The process I follow isn’t radically different from Buck Woody’s. I get the business requirements, which are hopefully written on something more substantial than a cocktail napkin, and with more detail than will fit on one, and I read them. Or I meet with the business people and ask lots and lots of questions, which I’ll probably do even if I have written requirements. Sometimes, especially at my current company, I’ll get a full logical diagram from another team. I’ll still basically do the same design work, even if I have a logical model, but I’ll use it as a reference point to double-check my understanding of the requirements. From there:

  1.  Identify the nouns. Figure out what kinds of objects, or things, or widgets that we’re talking about needing to store.
  2. Figure out the relationships between the widgets. What’s a parent and what’s a child and which of the widgets is related to many other widgets or to one other widget, etc.
  3. Lay out the attributes for the widget, meaning the columns in the table. Big points here include getting the data type correctly identified and figuring out which of the attributes are required and which are not. Further, which of the attributes come from pick lists, which means look-up tables.
  4. Identify the natural key. I’m with Buck, most of the time I use an alternate, artificial key (yeah, frequently an identity column), but I want to know the natural key so that I can put a unique constraint on the table, in addition to the primary key. This is a vital, but often missed step, in terms of the business processes being modeled.
  5. Figure out where I’m going to put the clustered index. Usually, but not always, this will be the primary key, but I do it as a fundamental part of the design. That means, as a fundamental part of the design, I think about the most common access path for the data. That’s going to be where the cluster needs to be.

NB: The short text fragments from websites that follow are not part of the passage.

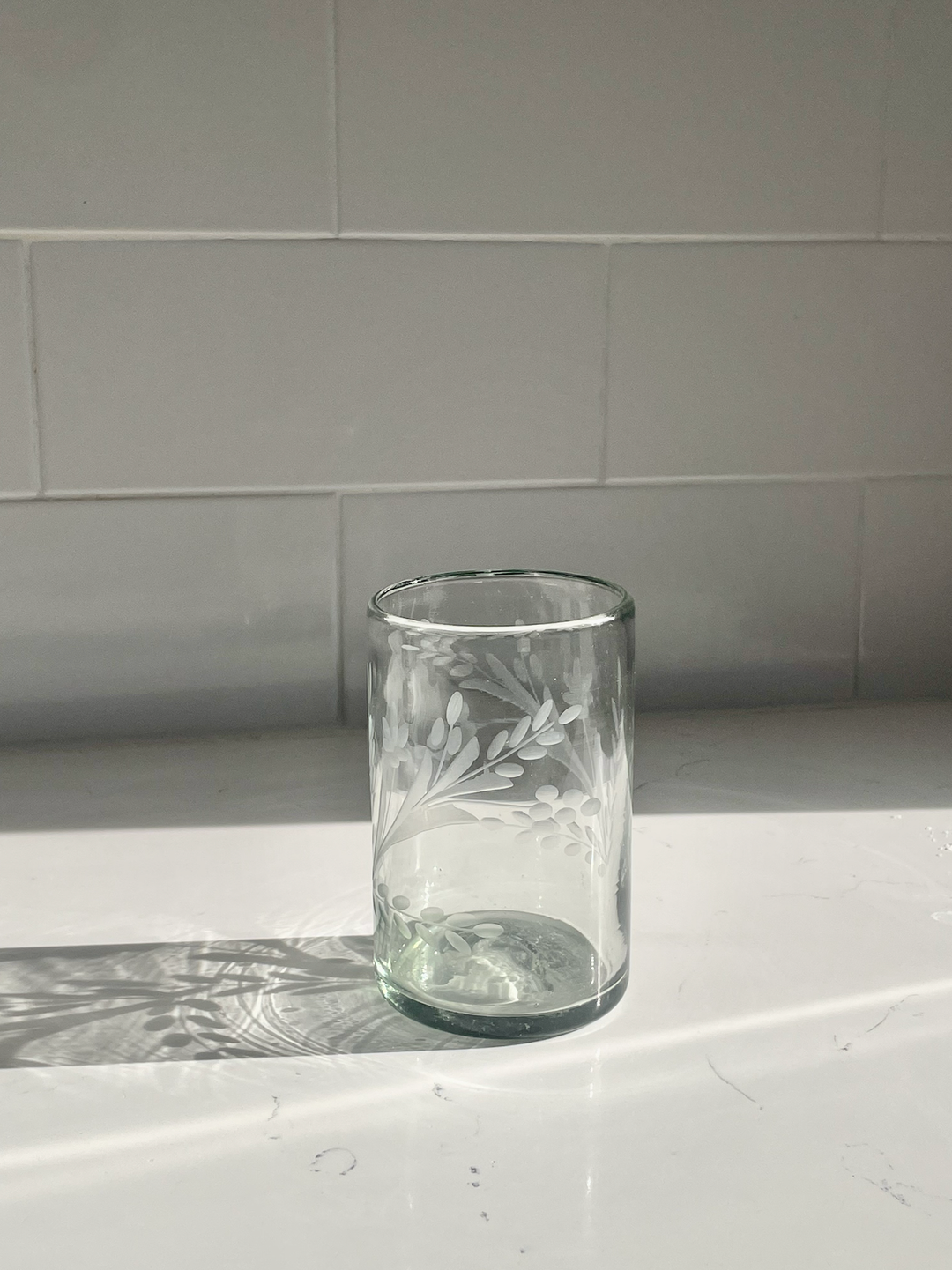 Hand-Etched Tumbler Glass, 2 Sizes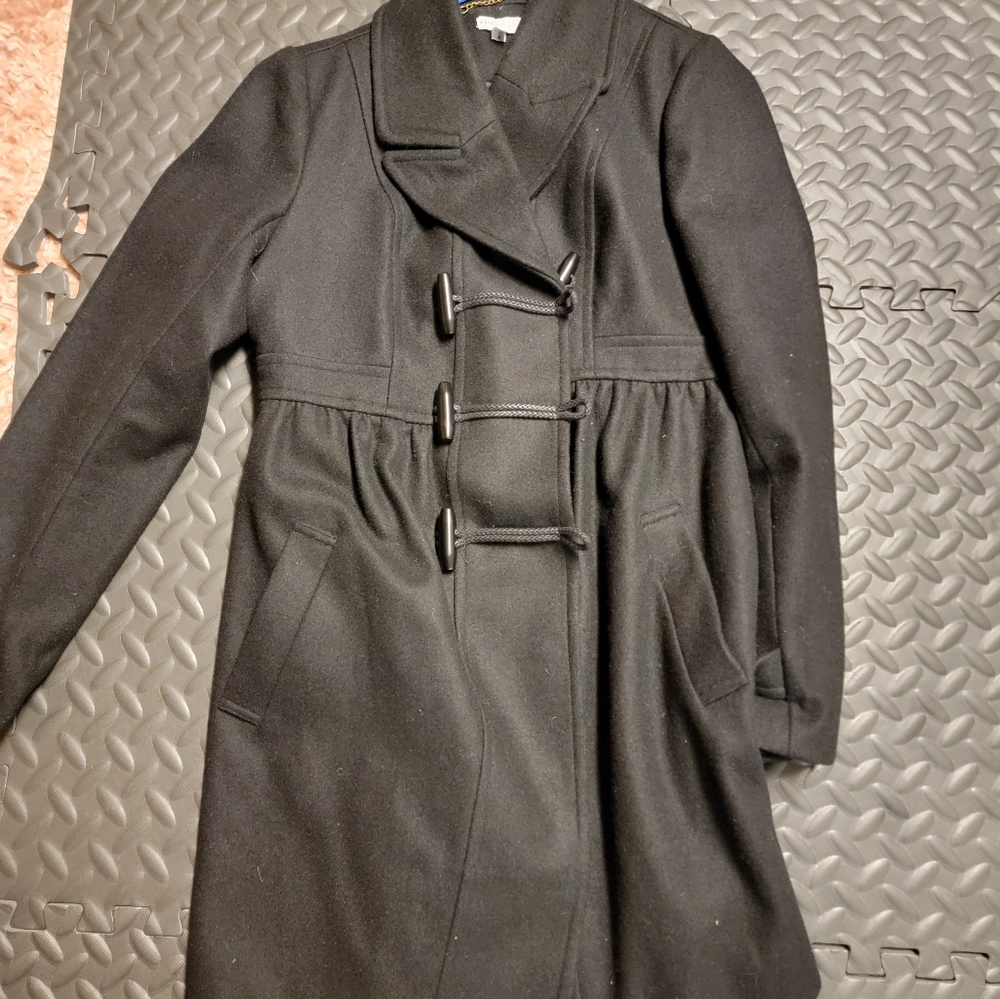 NWT A Pea in The Pod 100% Wool Black Pea Coat M Maternity HOST PICK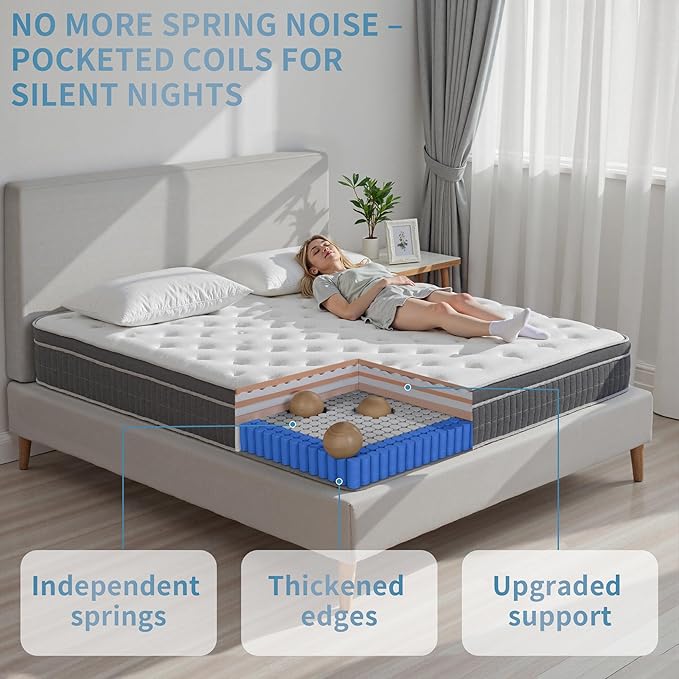 inight Full Hybrid Mattress 14 Inch, Fresh-Sleep Tech with Nebulign Foam, Medium Firm Cooling Airflow for Pressure Relief, Fiberglass Free, CFR 1633 Compliant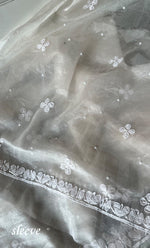 Load image into Gallery viewer, Women&#39;s Lakhnavi Handcrafted Organza Chikankari Unstitched Full Suit Material - HONC0284619
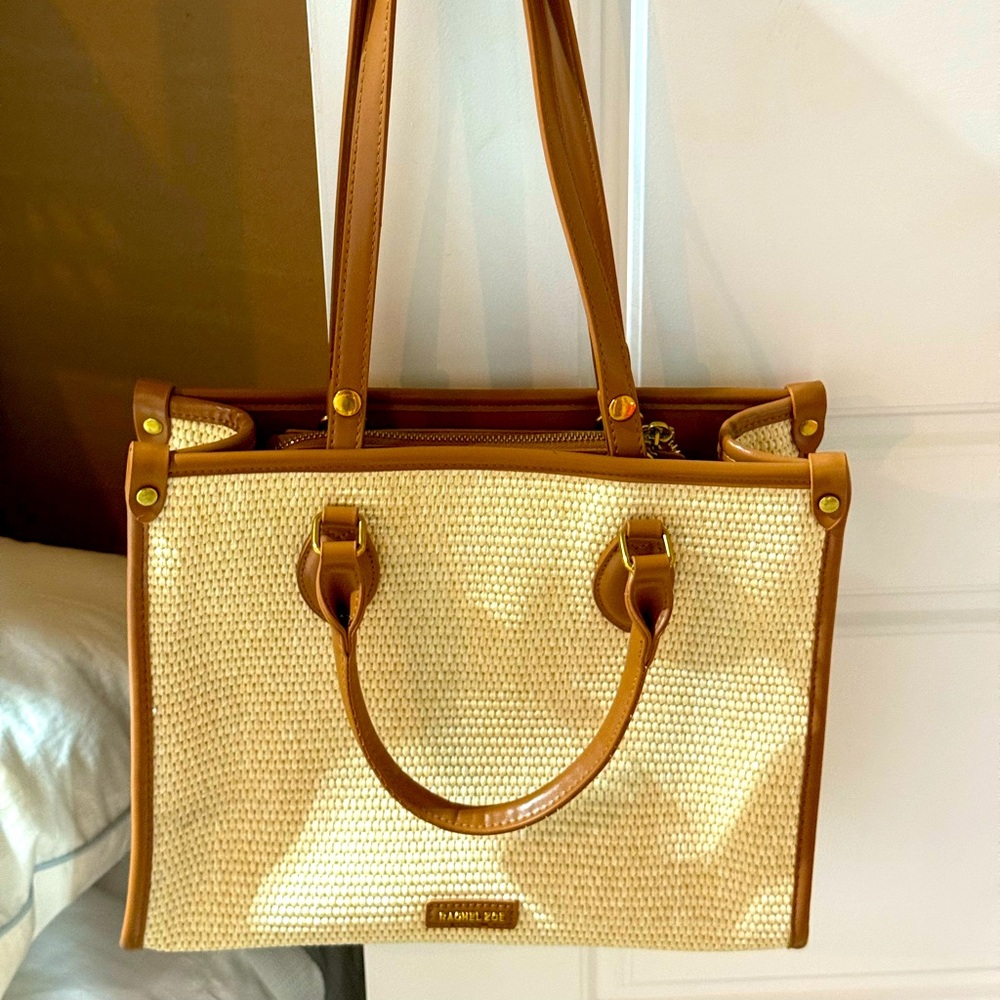 Elegant Tan and Cream Tote Bag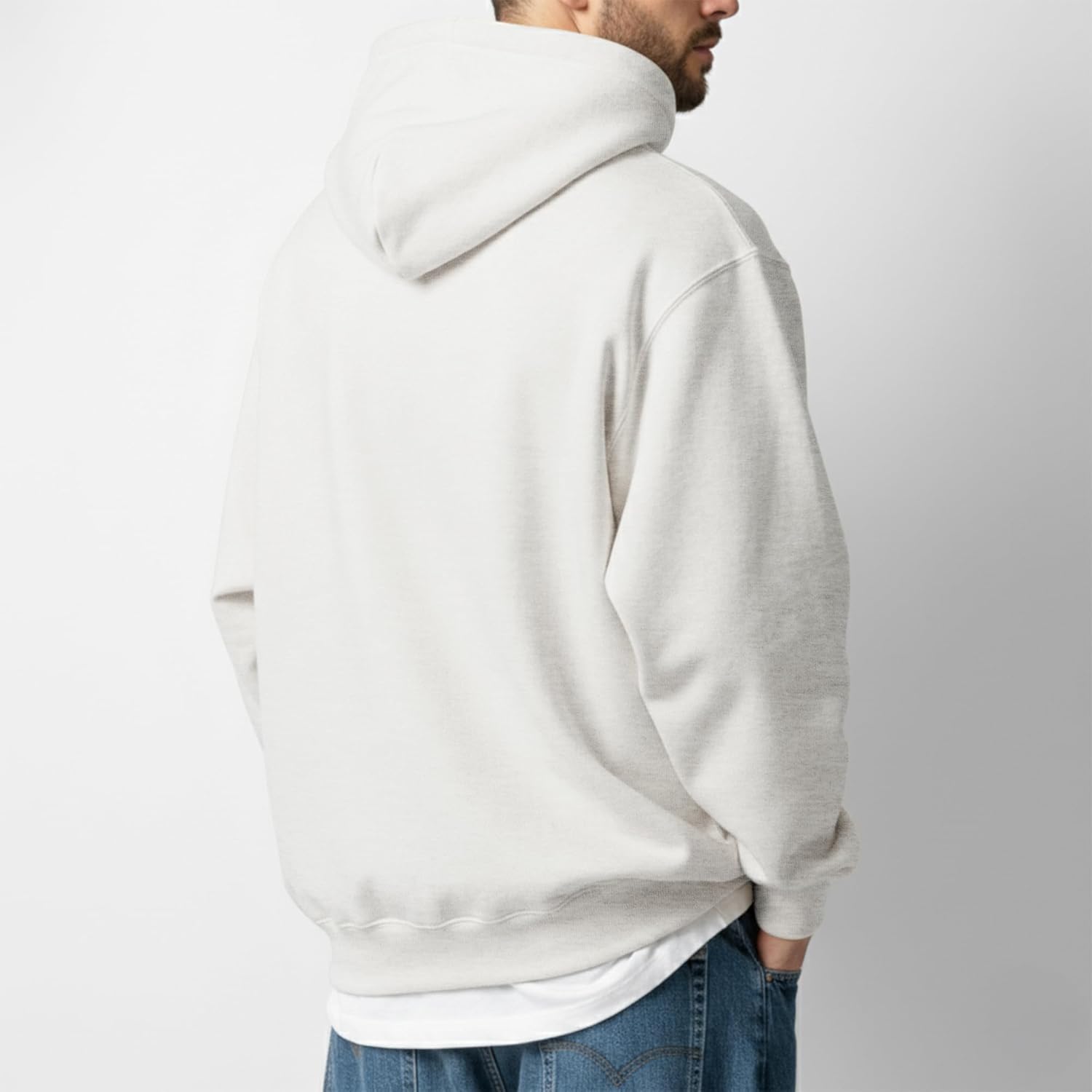 Ohoo Mens Relaxed Fit Pullover Hoodie Cotton Blend Thick Heavyweight Fleece Lined Casual Hooded Sweatshirt Soft Fabric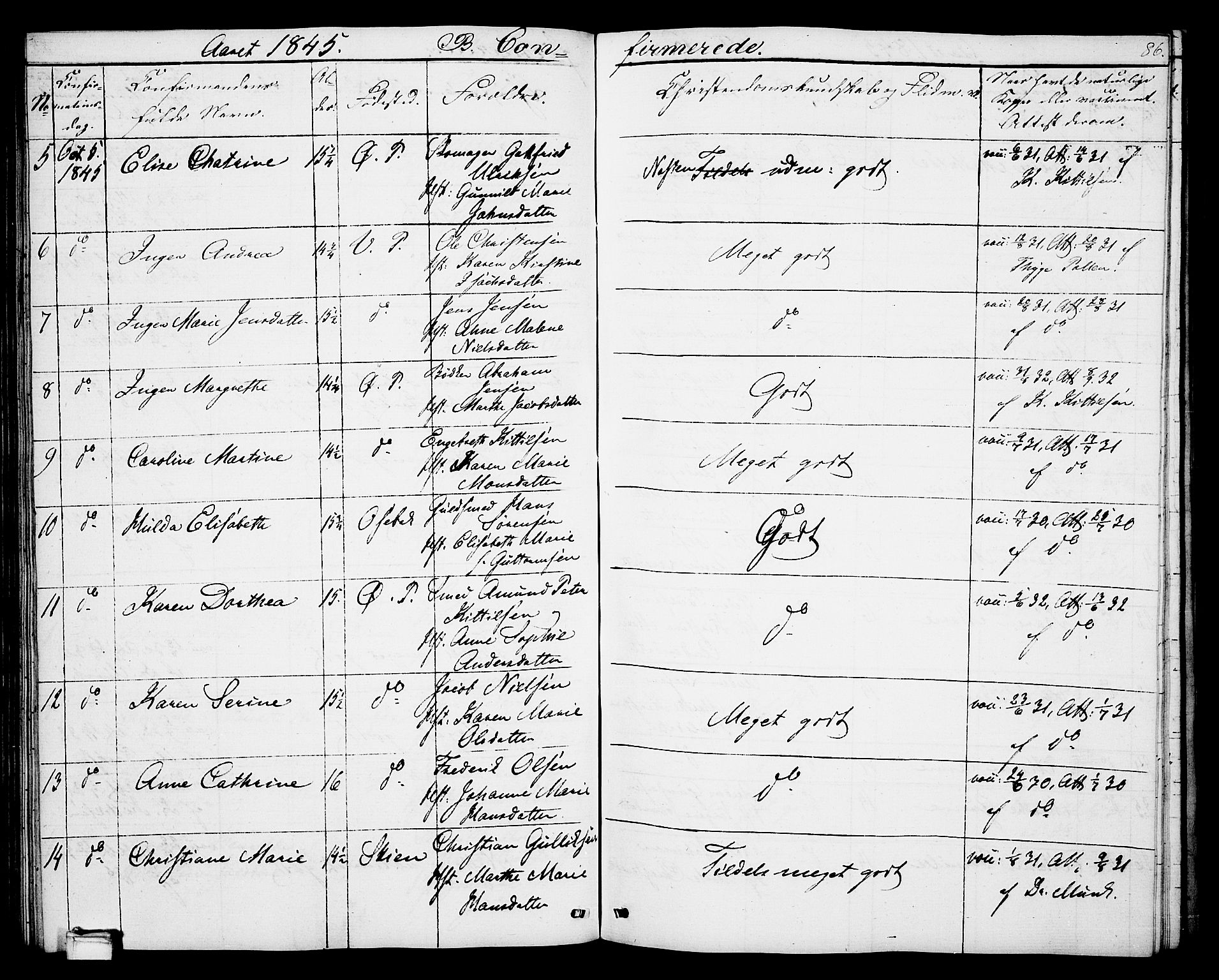 Porsgrunn kirkebøker , SAKO/A-104/G/Gb/L0003: Parish register (copy) no. II 3, 1841-1852, p. 86
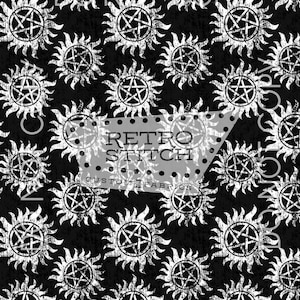 May include: Black and white fabric with a repeating pattern of sun-like symbols with a pentagram in the center. The words "Retro Stitch Custom Fabrics" are visible. The words "NOT COPY" are also visible.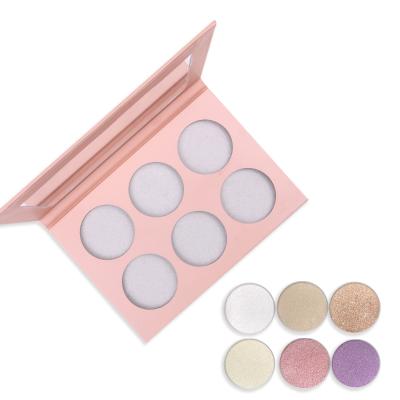 China Cruelty Free OEM Private Label 6 Colors Makeup Highlighter Palette Waterproof Vegetarianism for sale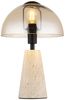 GLOBO LIGHTING LED Tischleuchte, Leuchtmittel inklusive, Warmweiß, Tischlampe Pilz Tischleuchte Travertin Stein Glas amber LED H 31 cm Bild 2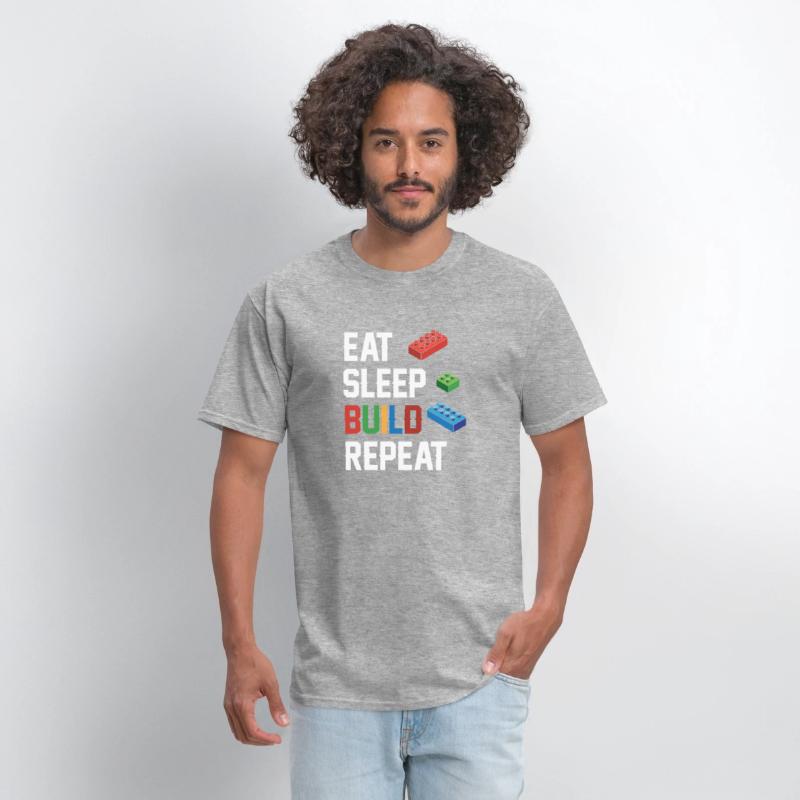 Funny Eat Sleep Build Repeat Building Blocks Men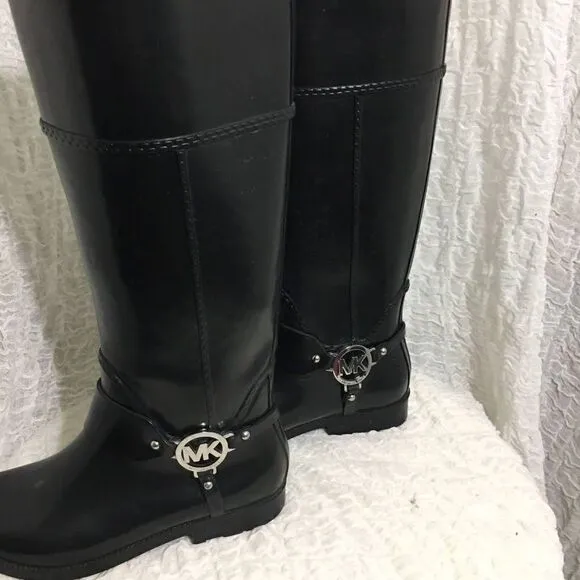 Michael Kors Black Rain Boots Size 6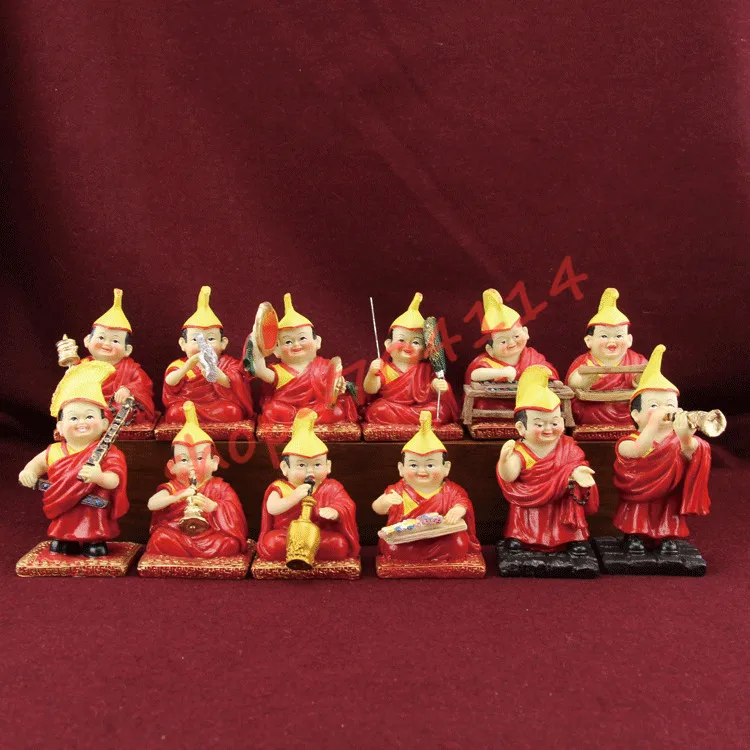 Украшения тибетского гостиной Будды маленькой ламы набор из 12 фигурок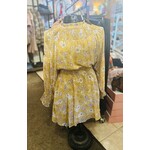 Kori Kori America Floral Print Mock Neck Smocked Dress Mustard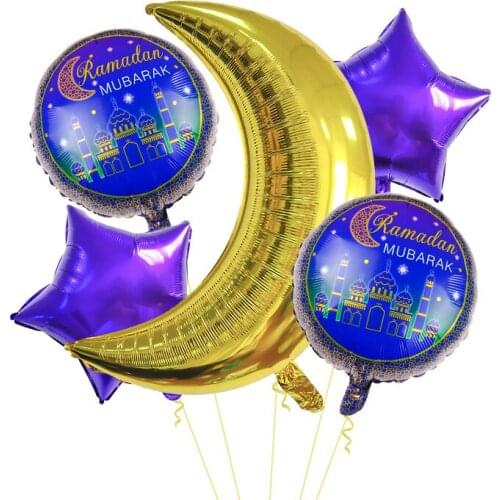 5Pcs/set Eid Mubarak Balloons for Ramadan Party Decoration Purple Star Gold Moon Foil Helium Balloon for Muslim Party Decor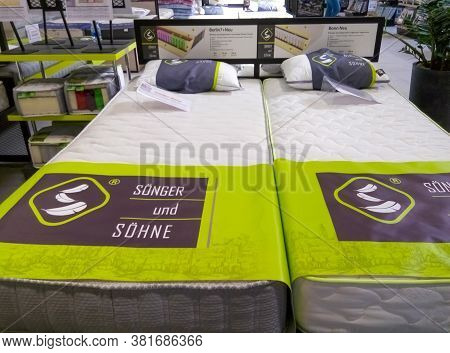 Kyiv, Ukraine - August 16, 2020: The Many Mattresses Songer Und Sohne On Display In Store Epicentre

How Important Are the Business Requirements

Buck, I respect you and I like you and I hate to do this, but you’re kidding with this question, right? No requirements, no database. The requirements are all. The most important reason you want the requirements written down is because that means that business at least thought them through, all the way, one time. It’s your best bet that you’re going to deliver something that slightly resembles what the business wants and needs. I live and breathe by the requirements. When someone from the business corrects my design, “Oh, that widget is related this thingie, not that watchamacallit,” I get them to change the requirements to reflect that new information. This way, when someone wonders why I did what I did, they’ll always be able to see the requirements the way I saw them.

Tools

I use Embarcadero’s ERStudio. I know there are other ER tools on the market, but I fell in love with this one on the day I needed to change the data type on a column that was in about 30 different tables and I did it in a couple of minutes using their scripting tool. I’ve been using it ever since, and we’re talking well more than ten years now. It’s just great. I only use it for the initial design and for documentation after the design. Once the design is done, the first time, and a physical database is constructed, I don’t work from the ER diagram to do builds and deployments, I work from source control. Do I have to do it like this? No, but I really enjoy the power of an ER tool while I’m doing the design because it lets you do a lot of changes, quickly and easily without having to rebuild a database over & over.

Biggest Pain Point

The largest pain point has to be changing requirements. Change happens. I embrace it. I’ve worked on agile projects and I like the general approach and mind set. And yet, changing databases is hard. It’s not so bad when you’re in the strict, isolated, ER diagram only stage, but as soon as you’ve built the database, even one time, change gets difficult. It’s not so bad if you work closely with the design, test & development teams and get their buy-in, early, that test data must be tossed & rebuilt with each fundamental design change. But that’s a hard agreement to get and so you end up spending a lot of time trying to retain the test data AND fundamentally redesign the data structure. This is not an enjoyable combination.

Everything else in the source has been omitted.